_Exercise goal_
Return only the lines running from the top of the entries to the line with "Rolls-Royce Silver Shadow", inclusive, exactly as written.

_Extracted data entries_
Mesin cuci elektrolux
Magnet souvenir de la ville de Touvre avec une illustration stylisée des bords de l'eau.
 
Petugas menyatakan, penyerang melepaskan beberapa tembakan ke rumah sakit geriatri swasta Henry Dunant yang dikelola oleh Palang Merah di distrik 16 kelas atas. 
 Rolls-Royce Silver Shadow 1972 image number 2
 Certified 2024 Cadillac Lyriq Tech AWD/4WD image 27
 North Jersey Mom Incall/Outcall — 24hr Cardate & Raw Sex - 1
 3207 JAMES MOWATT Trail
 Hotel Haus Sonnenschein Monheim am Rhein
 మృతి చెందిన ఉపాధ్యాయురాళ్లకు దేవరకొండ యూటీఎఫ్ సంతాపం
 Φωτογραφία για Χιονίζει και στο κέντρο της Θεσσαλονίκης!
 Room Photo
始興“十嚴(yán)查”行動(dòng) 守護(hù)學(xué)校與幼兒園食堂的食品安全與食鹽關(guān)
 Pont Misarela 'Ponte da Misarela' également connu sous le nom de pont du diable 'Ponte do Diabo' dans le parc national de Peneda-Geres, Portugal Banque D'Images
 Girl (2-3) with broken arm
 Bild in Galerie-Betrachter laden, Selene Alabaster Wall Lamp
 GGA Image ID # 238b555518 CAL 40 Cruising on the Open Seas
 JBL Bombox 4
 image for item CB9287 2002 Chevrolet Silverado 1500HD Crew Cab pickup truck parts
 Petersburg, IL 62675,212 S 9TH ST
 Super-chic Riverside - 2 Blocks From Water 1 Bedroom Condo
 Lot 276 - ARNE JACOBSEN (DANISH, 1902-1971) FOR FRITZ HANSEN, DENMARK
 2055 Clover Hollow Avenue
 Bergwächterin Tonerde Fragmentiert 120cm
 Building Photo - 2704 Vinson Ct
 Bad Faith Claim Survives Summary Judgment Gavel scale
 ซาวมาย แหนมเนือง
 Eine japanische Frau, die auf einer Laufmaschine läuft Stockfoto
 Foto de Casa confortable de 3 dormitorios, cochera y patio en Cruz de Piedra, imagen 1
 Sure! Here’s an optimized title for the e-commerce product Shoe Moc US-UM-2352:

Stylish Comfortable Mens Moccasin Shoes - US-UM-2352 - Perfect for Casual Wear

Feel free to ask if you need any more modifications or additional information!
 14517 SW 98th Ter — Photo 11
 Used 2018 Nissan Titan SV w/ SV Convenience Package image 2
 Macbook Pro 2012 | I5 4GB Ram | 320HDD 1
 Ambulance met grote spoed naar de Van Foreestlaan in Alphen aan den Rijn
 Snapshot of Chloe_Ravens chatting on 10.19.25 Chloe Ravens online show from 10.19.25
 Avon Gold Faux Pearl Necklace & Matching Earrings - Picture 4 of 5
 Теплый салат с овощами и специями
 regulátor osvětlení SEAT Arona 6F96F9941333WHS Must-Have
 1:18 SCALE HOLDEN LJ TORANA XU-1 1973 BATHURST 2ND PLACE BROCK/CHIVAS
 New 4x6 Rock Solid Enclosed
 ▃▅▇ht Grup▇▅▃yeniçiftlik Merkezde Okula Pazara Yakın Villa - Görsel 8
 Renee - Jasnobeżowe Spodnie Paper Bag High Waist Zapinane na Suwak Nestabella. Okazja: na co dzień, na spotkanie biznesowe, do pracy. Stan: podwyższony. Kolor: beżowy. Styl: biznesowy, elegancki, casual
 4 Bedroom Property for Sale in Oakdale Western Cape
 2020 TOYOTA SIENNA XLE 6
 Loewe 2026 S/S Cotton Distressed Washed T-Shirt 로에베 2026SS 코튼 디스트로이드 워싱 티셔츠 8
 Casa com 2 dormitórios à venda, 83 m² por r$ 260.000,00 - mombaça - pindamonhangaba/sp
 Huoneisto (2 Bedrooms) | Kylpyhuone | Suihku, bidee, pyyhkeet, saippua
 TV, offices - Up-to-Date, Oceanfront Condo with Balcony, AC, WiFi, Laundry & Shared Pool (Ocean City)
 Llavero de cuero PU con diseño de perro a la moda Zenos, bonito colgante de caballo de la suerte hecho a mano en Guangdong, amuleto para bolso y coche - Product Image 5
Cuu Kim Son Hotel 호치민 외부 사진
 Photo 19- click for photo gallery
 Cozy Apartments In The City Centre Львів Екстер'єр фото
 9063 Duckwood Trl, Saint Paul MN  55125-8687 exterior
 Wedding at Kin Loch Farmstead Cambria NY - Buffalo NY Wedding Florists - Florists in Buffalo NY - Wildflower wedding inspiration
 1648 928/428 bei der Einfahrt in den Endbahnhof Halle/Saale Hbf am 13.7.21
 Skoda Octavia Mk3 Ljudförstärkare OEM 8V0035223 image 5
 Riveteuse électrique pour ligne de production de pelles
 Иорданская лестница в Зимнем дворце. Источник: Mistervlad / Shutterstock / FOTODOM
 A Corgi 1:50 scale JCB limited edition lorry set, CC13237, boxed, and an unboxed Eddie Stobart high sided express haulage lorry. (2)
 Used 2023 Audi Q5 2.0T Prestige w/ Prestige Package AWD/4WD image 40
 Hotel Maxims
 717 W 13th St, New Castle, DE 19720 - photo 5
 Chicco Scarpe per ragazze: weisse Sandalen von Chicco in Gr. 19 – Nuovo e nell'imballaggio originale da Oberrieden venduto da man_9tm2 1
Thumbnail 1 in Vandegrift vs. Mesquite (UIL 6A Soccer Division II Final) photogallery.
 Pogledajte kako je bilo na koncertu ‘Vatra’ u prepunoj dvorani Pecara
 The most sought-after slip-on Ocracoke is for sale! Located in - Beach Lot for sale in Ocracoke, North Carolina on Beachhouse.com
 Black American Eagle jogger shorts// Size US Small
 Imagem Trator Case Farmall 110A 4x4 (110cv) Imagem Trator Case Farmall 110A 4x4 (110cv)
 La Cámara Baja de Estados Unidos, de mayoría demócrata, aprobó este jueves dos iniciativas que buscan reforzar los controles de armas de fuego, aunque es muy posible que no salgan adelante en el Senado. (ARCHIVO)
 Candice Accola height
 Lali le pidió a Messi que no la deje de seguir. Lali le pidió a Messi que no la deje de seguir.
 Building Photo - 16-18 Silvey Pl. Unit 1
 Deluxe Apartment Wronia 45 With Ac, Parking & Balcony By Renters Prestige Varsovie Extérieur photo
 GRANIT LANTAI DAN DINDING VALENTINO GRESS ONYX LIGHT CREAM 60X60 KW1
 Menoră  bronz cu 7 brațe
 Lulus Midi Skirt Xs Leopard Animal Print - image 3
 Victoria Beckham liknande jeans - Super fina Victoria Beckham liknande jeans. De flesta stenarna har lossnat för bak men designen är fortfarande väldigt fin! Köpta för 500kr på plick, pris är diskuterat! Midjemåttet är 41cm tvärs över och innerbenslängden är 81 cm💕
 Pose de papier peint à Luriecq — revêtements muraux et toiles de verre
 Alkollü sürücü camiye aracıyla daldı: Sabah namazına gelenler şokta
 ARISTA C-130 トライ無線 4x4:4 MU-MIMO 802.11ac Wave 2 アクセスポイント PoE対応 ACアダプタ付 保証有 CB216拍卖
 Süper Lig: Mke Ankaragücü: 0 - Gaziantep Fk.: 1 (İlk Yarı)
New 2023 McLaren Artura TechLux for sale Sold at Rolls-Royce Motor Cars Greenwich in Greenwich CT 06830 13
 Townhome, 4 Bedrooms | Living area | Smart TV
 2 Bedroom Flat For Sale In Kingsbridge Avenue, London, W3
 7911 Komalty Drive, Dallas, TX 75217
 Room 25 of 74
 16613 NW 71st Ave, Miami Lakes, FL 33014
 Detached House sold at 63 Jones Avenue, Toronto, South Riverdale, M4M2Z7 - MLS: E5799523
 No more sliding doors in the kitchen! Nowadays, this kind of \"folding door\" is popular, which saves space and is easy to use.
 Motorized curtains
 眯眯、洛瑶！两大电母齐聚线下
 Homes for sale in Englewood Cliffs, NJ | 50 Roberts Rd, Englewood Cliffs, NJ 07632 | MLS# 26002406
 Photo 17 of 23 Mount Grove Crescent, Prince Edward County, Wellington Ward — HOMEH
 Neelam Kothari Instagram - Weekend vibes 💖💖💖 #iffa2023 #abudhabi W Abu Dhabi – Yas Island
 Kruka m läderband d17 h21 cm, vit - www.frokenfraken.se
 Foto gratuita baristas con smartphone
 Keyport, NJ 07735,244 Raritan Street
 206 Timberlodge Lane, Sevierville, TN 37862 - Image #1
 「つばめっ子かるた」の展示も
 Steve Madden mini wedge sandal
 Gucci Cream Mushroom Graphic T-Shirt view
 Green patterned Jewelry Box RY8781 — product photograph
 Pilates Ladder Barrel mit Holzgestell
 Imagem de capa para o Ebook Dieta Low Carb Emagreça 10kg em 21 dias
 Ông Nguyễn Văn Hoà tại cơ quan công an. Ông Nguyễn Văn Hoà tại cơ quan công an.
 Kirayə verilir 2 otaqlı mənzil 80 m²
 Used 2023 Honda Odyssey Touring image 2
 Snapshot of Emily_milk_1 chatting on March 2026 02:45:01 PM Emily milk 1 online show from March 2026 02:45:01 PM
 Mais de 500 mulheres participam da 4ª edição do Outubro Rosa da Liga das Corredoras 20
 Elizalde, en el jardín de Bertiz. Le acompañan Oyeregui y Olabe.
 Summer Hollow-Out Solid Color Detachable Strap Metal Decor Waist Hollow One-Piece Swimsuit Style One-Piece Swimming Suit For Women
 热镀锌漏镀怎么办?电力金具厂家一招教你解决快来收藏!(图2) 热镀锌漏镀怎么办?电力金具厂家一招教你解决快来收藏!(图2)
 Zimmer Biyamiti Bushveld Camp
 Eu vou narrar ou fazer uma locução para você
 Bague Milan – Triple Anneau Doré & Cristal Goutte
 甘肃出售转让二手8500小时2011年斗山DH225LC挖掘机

_Solution below_
Mesin cuci elektrolux
Magnet souvenir de la ville de Touvre avec une illustration stylisée des bords de l'eau.
 
Petugas menyatakan, penyerang melepaskan beberapa tembakan ke rumah sakit geriatri swasta Henry Dunant yang dikelola oleh Palang Merah di distrik 16 kelas atas. 
 Rolls-Royce Silver Shadow 1972 image number 2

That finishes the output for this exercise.